Their suspicions aroused, Agents Casas and Ortiz abandoned their original plan to conduct an immigration check on the bus and followed appellants. The agents immediately passed the car driven by Valentin Escamilla in order to obtain a better view of the truck. Again Valentin Escamilla did not look at the agents as they passed and immediately fell back some distance from the agents’ vehicle. From their vantage point behind the truck, the agents observed that the truck was loaded with bales of hay, that the bales were “clumsily stacked” and that there were 4" gaps between some of the bales. From these factors, the agents suspected that the truck contained secret compartments, with gaps between the bales to provide air for illegal aliens. Although neither had observed aliens transported in this manner, both had “heard reports” of similar incidents. A decision was made to stop the truck for an immigration check.
While Agent Ortiz questioned Cosme Es-camilla as to his citizenship, Agent Casas peered through some cracks in the side board of the truck, seeing what he thought to be burlap sacks. Agent Casas also detected a “strong odor” of marijuana emanating from the truck. Based on these observations, the agents searched the truck and discovered 2,844 pounds of marijuana *1231 underneath the bales of hay. 1 After finding the marijuana, Agent Ortiz drove north on Highway 16, stopped the vehicle driven by Valentin Escamilla and placed him under arrest. Ortiz testified that he had thought the two vehicles were connected because, after turning north on Highway 16, the truck slowed down, enabling the car to negotiate the turn and catch up.
Following a jury trial in the United States District Court, Southern District of Texas, appellants were convicted of conspiracy to possess and possession with intent to distribute marijuana, in violation of 21 U.S.C. §§ 841(a)(1), 846. Prior to trial on the merits, appellants moved to suppress all evidence obtained by means of the allegedly unlawful search of their vehicle. The trial court, convinced that the evidence sufficed to meet the “reasonable suspicion” standard applicable to investigatory stops by roving border patrols, denied the motion. We reverse.
I. The Legal Standard
The decision in this case is controlled by the principles announced in
United States v. Brignoni-Ponce,
“[e]xeept at the border and its functional equivalents, officers on roving patrol may stop vehicles only if they are aware of specific articulable facts, together with rational inferences from those facts, that reasonably warrant suspicion that the vehicles contain aliens who may be illegally in the country.”
Id.
at 884,
Our Court has had numerous occasions to apply the
Brignoni-Ponce
standards. The vast majority of cases, however, involved such clearly suspicious circumstances that it is difficult to determine precisely where the line has been drawn.
See, e. g., United States v. Payne,
II. Applying the Standard
On three separate occasions, this Court has stressed that a “vital” element of the
Brignoni-Ponce
test is whether the agents had “reason to believe that the vehicle [in question] had come from the border.”

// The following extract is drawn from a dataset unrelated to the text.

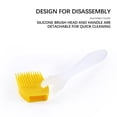 thumbnail image 6 of Chamoist Basting Brush For Cooking Food,Silicone Pastry Basting Brushes Heat Resistant Bpa Free For Bbq Grill Barbecue & Kitchen Baking Cooking Marinating Oil Brushes Soft Bristles Long Handle,6PC, 6 of 10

See United States v. Woodard,
In
United States v. Martinez,
Although we have stated that having “reason to believe that the vehicle in question had come from the border” is a vital element of the Brignoni-Ponce test, it is not an essential element if other articulable facts “reasonably warrant suspicion.” It is clear, however, that the absence of this element leaves the case to be decided solely on the remaining facts and circumstances with no inferences to be drawn on the assumption that the travelers had come from the border.
Agent Ortiz testified that the first thing to arouse his suspicion was the fact that the truck made a left turn on Highway 16. In this context, Ortiz stated:
“[T]he vehicle made a left turn on Highway 16 headed towards San Antonio, which on this Highway [359] is not very commonly done, because the vehicle coming from Laredo going towards that area usually takes Highway 59 or 35.”

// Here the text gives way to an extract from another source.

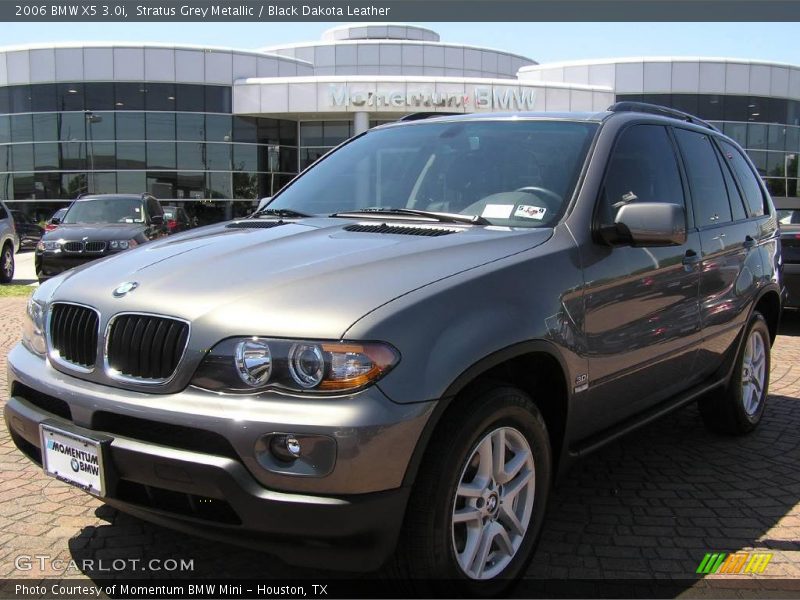 Stratus Grey Metallic / Black Dakota Leather 2006 BMW X5 3.0i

The evidence clearly indicates that the left turn itself was not suspicious. Agent Ortiz conceded that it would not be unusual for a vehicle to take Highway 16 to a farm or ranch north of Hebbronville or to go to Freer, Texas. Thus, it is evident such a maneuver aroused suspicion only because Ortiz assumed that appellants began their trip in Laredo and planned to travel to some point north of Freer. As we have pointed out, this assumption cannot be made. Even if such an assumption were “reasonable,” it simply is not unusual that the particular route chosen by a driver does not coincide with a route Border Patrol Agents consider more direct or common. This is especially true when the driver is from another part of the state.
In an analogous context, the Fifth Circuit has rejected such dubious “suspicious circumstances.” In
United States v. Frisbie,
Agent Ortiz' also testified that he felt appellants were traveling close to the commercial bus in order to avoid a citizenship check. Likewise, Agent Casas stated that
“we had information on several occasions from smuggling cases that were apprehended further north that they followed the bus through Hebbronville because they knew we were going to check the bus in Hebbronville.”

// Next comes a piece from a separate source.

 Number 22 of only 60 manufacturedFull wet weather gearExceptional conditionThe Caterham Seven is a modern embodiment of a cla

There are several problems with this theory generally and in the context of the instant case. First, there was absolutely no basis for the agent’s statement that “they knew we were going to check the bus at Hebbron-ville.” Second, while it is true that agents may rely to some extent upon their experience to determine the appropriateness of stopping a vehicle, such experience should not be transformed into the type of irrebutable presumption evidenced here. That is, in the absence of other irregular conduct, the fact that a vehicle happens to be near a commercial bus should not create more than a scintilla of suspicion. Finally, even if the agents did suspect that appellants were employing a commonly-used scheme to avoid detection, that suspicion must have evaporated when appellants’ vehicles and the bus turned in opposite directions. At that point, it should have been obvious to the officers that appellants were not going to “follow the bus through Hebbronville.”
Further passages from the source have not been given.